Mumbai: The BBC World Service Wednesday launched radio as well as mobile and web content in four more Indian languages—Telugu, Gujarati, Marathi and Punjabi. The launch, which is part of its global expansion plans, will create 157 new jobs in the region and make Delhi the BBC’s largest bureau outside the UK, the broadcaster said.

“This is a historic day for the BBC, as we announce the biggest expansion of the World Service since the 1940s, (thanks to our greatest ever funding boost). The BBC World Service is a jewel in the crown–for the BBC and for Britain... As we move towards our centenary, my vision is of a confident, outward-looking BBC which brings the best of our independent, impartial journalism and world-class entertainment to half a billion people around the world.
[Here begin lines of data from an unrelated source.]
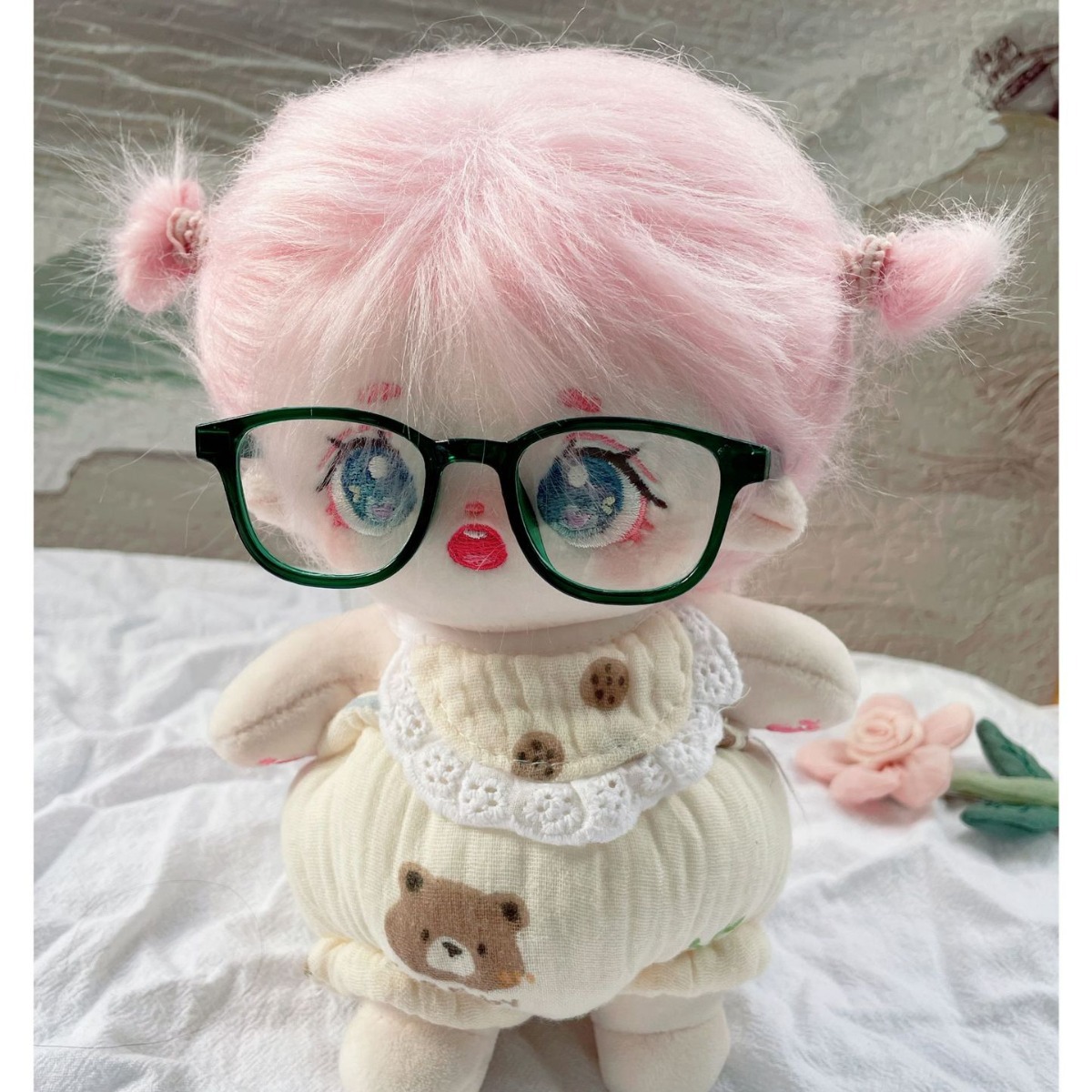 20CM Cotton Doll Glasses Big Frame Plastic Glasses 9.5cm Sunglasses Plush Toy Accessories Glasses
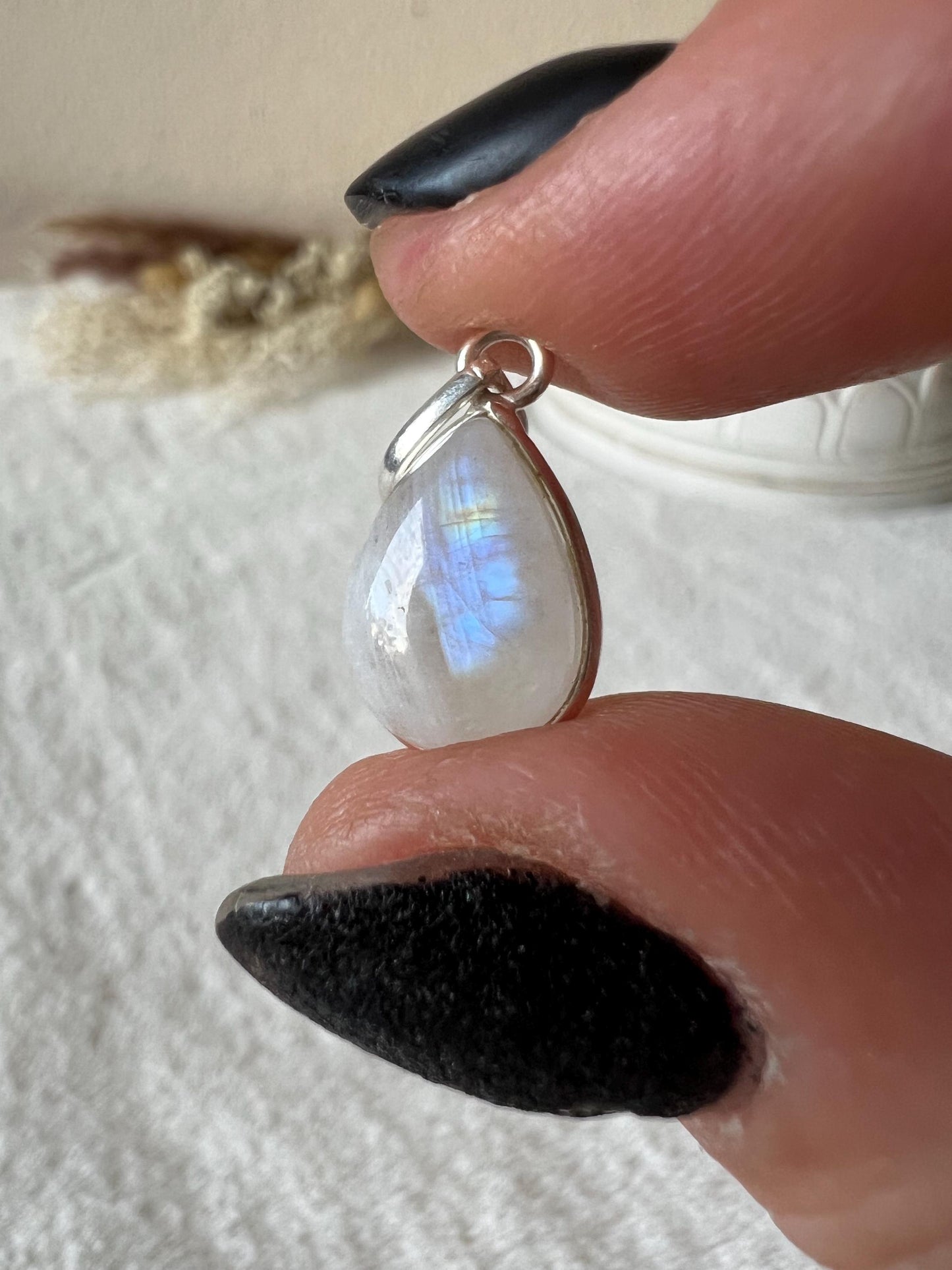 Mondstein Kettenanhänger 925 Silber oval klein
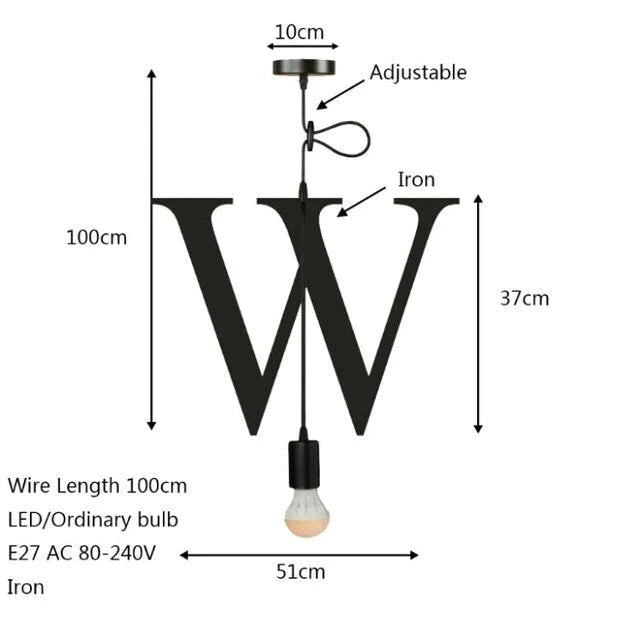 Novelty Loft Iron Letters’ Combination N - Z Pendant Light Led E27 Modern Europe Hanging Lamp For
Today is a key step towards that aim,” Tony Hall, director- general of the BBC said in a statement. Hall has set a target for the BBC to reach 500 million people worldwide by its centenary in 2022.

The BBC World Service currently broadcasts around the world in 29 languages to 246 million people weekly. In total, the BBC reaches a weekly global audience of 348 million people.

The move is designed to bring independent journalism to millions more people around the world, including those in places where media freedom is under threat, BBC said.

This announcement follows a funding of £289million until 2019-20 for the World Service from the UK government, which was announced last year. The first new services are expected to launch in 2017.

The BBC World Service is also introducing seven other language services including Afaan Oromo, Amharic, Igbo, Korean, Pidgin, Tigrinya and Yoruba, taking the total number of languages that the BBC World Services is available in to 40, including English. The company will hire more journalists to implement this expansion.

BBC World Service will also expand its digital services to offer more mobile and video content, a greater social media presence and new ways of reaching its audience around the globe, the statement said. Focusing particularly on increasing audience reach with younger people and women.

“Today’s announcement is about transforming the World Service by investing for the future. We must follow our audience, who consume the news in changing ways; an increasing number of people are watching the World Service on TV, and many services are now digital-only. We will be able to speed up our digital transformation, especially for younger audiences, and we will continue to invest in video news bulletins. What will not change is our commitment to independent, impartial journalism,” said Francesca Unsworth, director, BBC World Service.